Num artigo anterior abordei o debate sobre o aborto apresentando alguns fatos embriológicos sobre a vida intra-uterina para demonstrar que o feto já é um ser humano desde a fecundação, a fertilização do óvulo pelo espermatozóide. Parti deste ponto e agora retorno a ele, porém para recuar um pouco mais no tempo: até o momento em que se formam as duas células presentes na fecundação. Para isto peço aos leitores leigos condescendência para alguns nomes científicos com os quais não estão familiarizados, mas, sem entendê-los, é impossível compreender os primórdios de nossas existências.

Como este não é um texto de embriologia [[i]], mas inserido no atual debate a respeito do aborto, é preciso delimitar três campos específicos quase sempre confundidos, gerando erros muito graves. Como dizia Aristóteles: um pequeno erro no início leva a uma multidão de erros no final (De Coelo). Geralmente intromete-se a “ciência” em campos nos quais nada tem a dizer, levando a “conclusões científicas” equivocadas.

1. Quando começa a vida

2. Quando começa a existir um ser humano

3. Quando se reconhece a existência de uma pessoa

A ciência tem algo a dizer sobre o primeiro; tudo sobre o segundo; e nada sobre o terceiro. Como escrevo do ponto de vista científico limitar-me-ei aos comentários pertinentes.

1. Quando começa a vida?

A ciência não vai além de dizer que, em algum momento da evolução do universo, deu-se uma combinação especial de aminoácidos especiais, o DNA (ácido desoxirribonucléico) que fez surgir um fenômeno até então inexistente. O resto é terreno exclusivo da filosofia e da religião. Como a discussão se prende mais a quando se inicia a vida de cada ser humano, repito as minhas palavras no artigo citado:

Um ponto que tende a aproximar as teorias científicas das religiões é que, hoje, não se considera que o processo vital sofra descontinuidade, isto é, que a vida recomece a cada novo ser. Acredita-se que a vida teve um impulso inicial – sopro vital, divino – e passou a fluir constantemente de uns seres para outros. Pode-se dizer que a vida, após o impulso inicial continua fluindo porque os genes se recusam a morrer e se perpetuam neste fluir. As células que conduzem os genes, o espermatozóide e o óvulo, são obviamente células vivas e, portanto a vida se continua desde o momento da fecundação.

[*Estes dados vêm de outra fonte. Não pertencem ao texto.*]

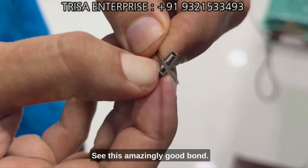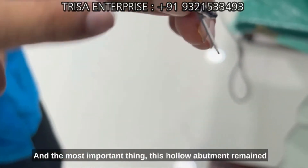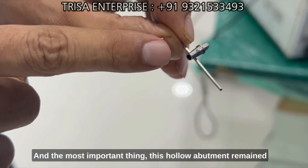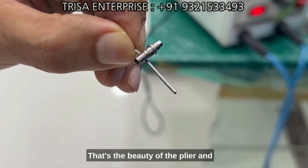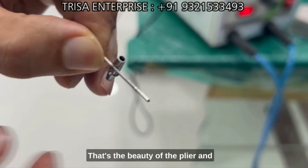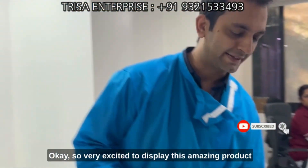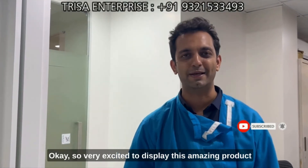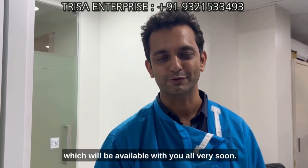Look at this welding — an amazingly good bond has been achieved. Most importantly, this hollow abutment remained hollow — it did not get compressed. That's the beauty of the plier. Amazing bonding achieved! Very excited to display this amazing product, which will be available with you all very soon. Thank you.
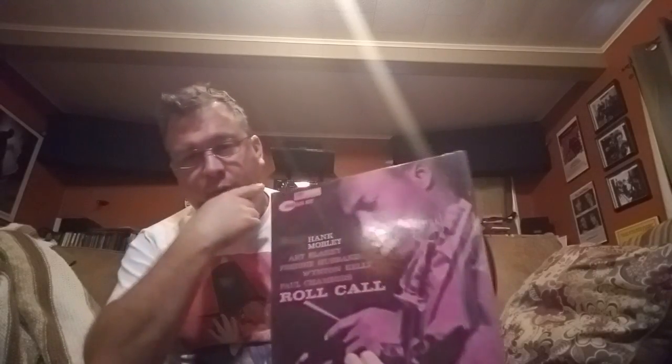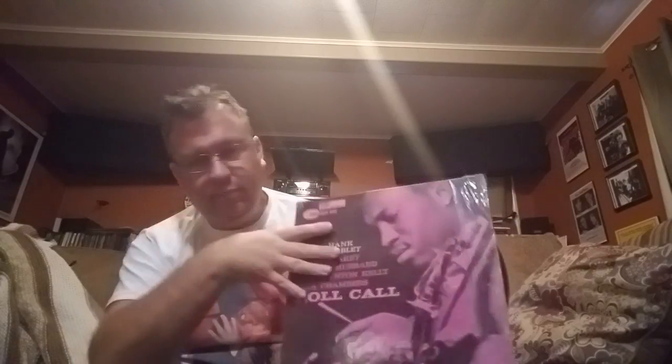I also found Hank Mobley's 'Roll Call.' I had it on the new Blue Note reissue, which is very nice, sourced from high-res files — but not like this. This is the second pressing from around 1966-67, when Liberty Records bought Blue Note and reissued the earlier titles. It's got the Rudy Van Gelder stamper and it sounds simply incredible. Great album, great find, and not ridiculously expensive.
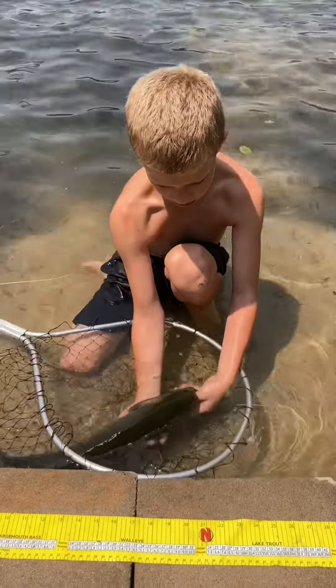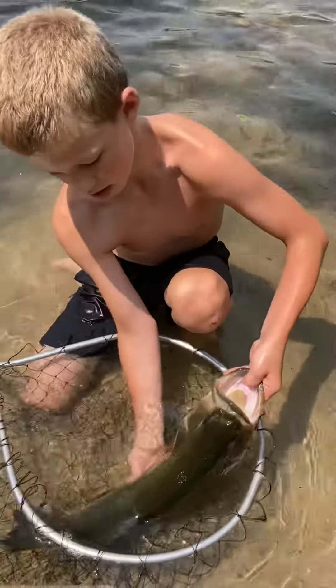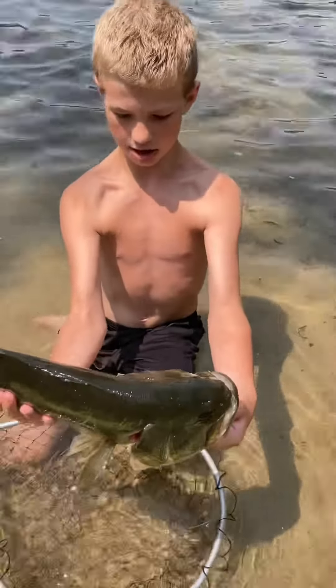You want to put your thumb right there. You have to put your thumb right there — just like that, right?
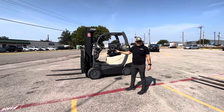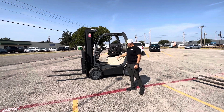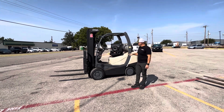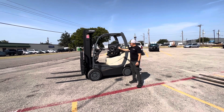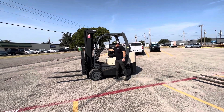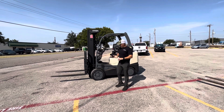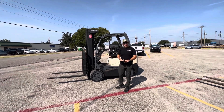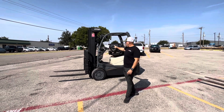We've got this 6,000 pound Crown cushion tire warehouse forklift and it's now available. It has a three-stage mast, four-way hydraulics. Currently we have a side shift on it, but if you would like to add a paper roll clamp, a carton clamp, any kind of attachment that has two functions, we have the valves already here.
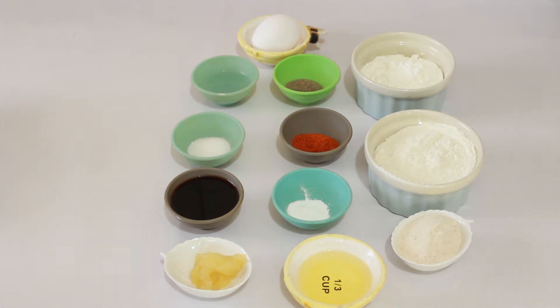Welcome to my kitchen! I hope you are all doing fine — God bless you all. Today we are going to make a very delicious recipe: sweet and sour fried chicken. It is very delicious, and I hope you will enjoy it. If you like this recipe, don't forget to give feedback and share it with your friends and family. Let's start the procedure.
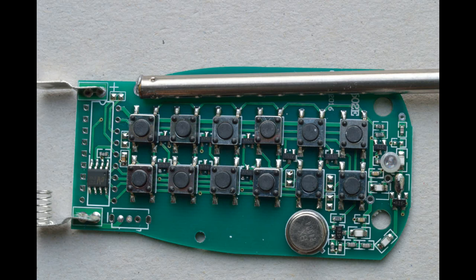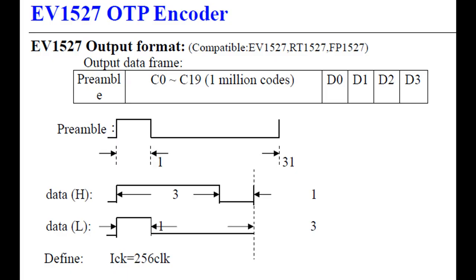I've torn down the wireless remote. There's not much inside - just a chip called an EV1527, which is an OTP encoder. Looking up the datasheet, it has a unique address which is 20 bits long, and then transmits 4 data bits.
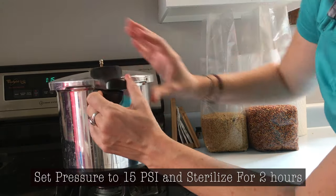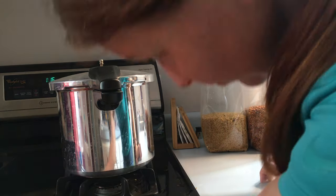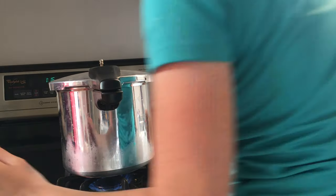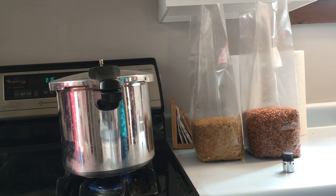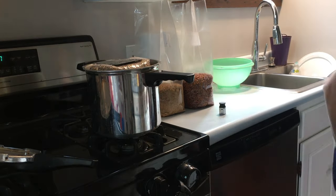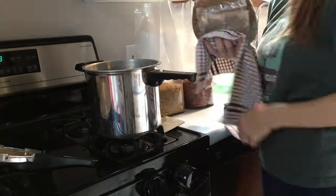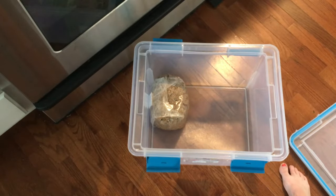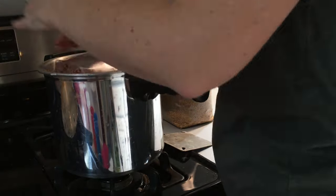Then turn your stove on low heat and sterilize for two hours. These pressure cookers have two main problems: first, I can only sterilize one bag at a time, and second, they heat up extremely fast and don't have a pressure gauge, so it's very easy to overheat and melt the bag. After two hours, turn off the stove and let the pressure cooker cool down. Then remove the spawn bag, place it in a sterile container, and let it cool down for 24 hours. If you inoculate your spawn when they're too hot, it will kill the spores. Now you can start the process over with your remaining bags.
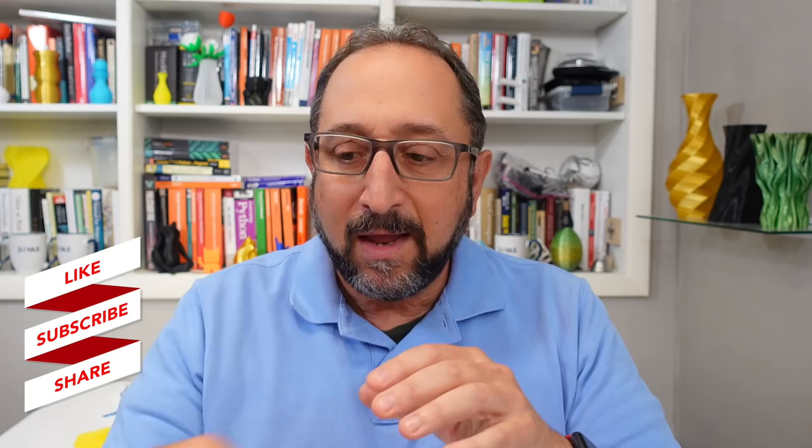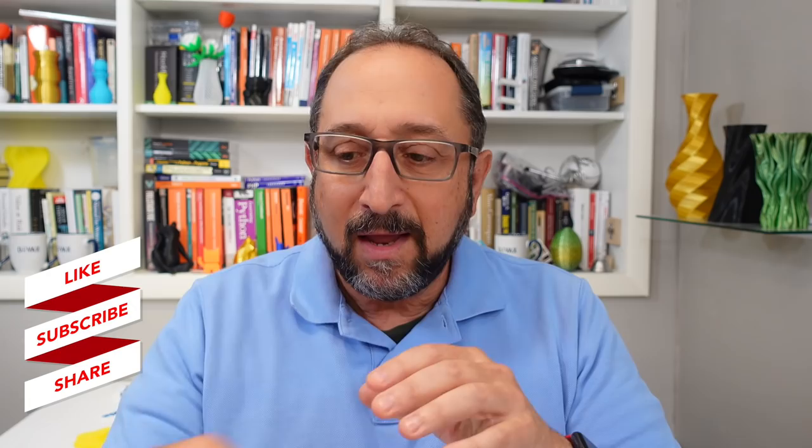Let's start by talking about a vase. A vase is simply a hollow object with a bottom and sides and generally no top — and so is a box. There are many other shapes you can create with those same characteristics: a bottom, sides, and no top. Any object with those characteristics can be printed in vase mode on a 3D printer.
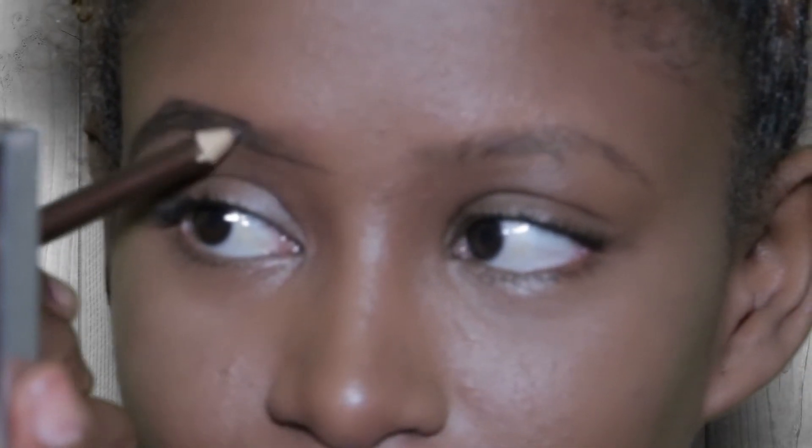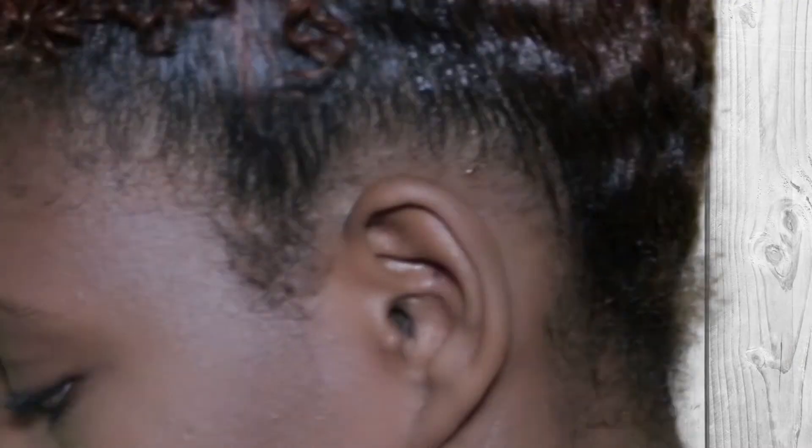You go deep from the tail towards the front part. Once you get to the front part, you're going to use light strokes. Once you're done with that, we are going to clean up the brows.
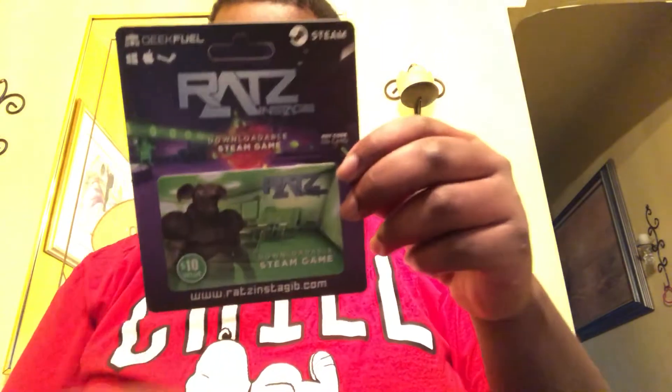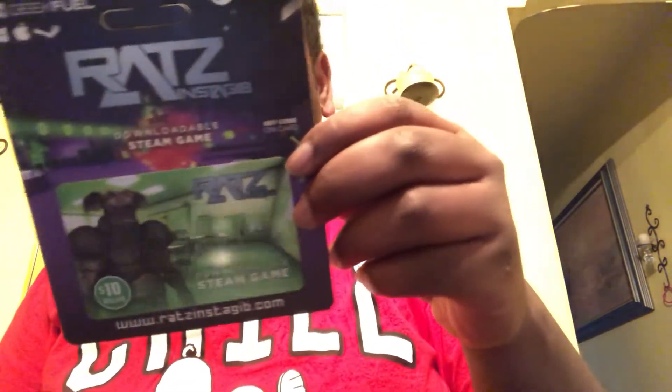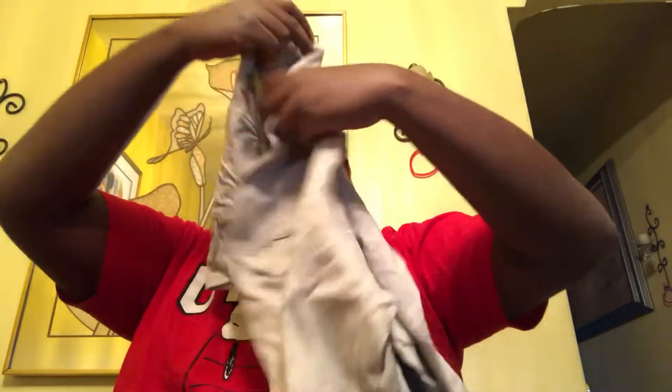We have a Steam game called Rats — nice game right there. And in this box, we have a shirt. It's a nice shirt though. Real nice.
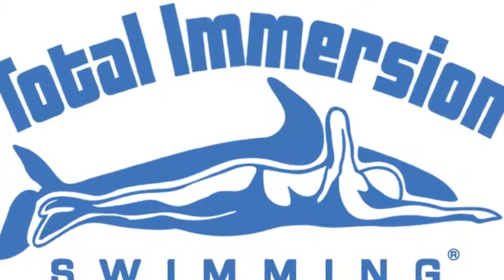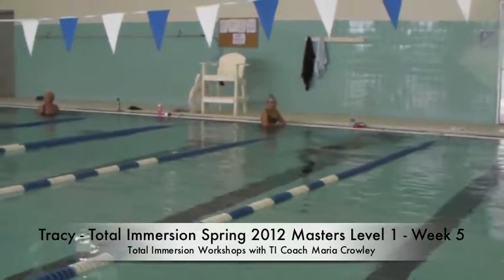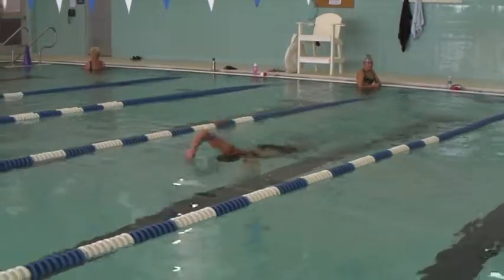This is Tracy. Tracy, you're really looking good. I want you to relax your fingertips and after you enter the water, you should end up right as you get to full extension.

Espanta-me que teóricos e articulistas pró-vida se prendam a discussões bizantinas a respeito de quando começa a vida. Ora, se pai e mãe são seres vivos e as células reprodutoras também, como pode a união de duas delas criar uma descontinuidade no processo vital? O que existiria, então, nesta descontinuidade? Morte? Estado nem morte nem vida? Esta é uma discussão inútil derivada da confusão entre os campos 1 e 2, que será examinado a seguir.

2. Quando começa a existir um ser humano?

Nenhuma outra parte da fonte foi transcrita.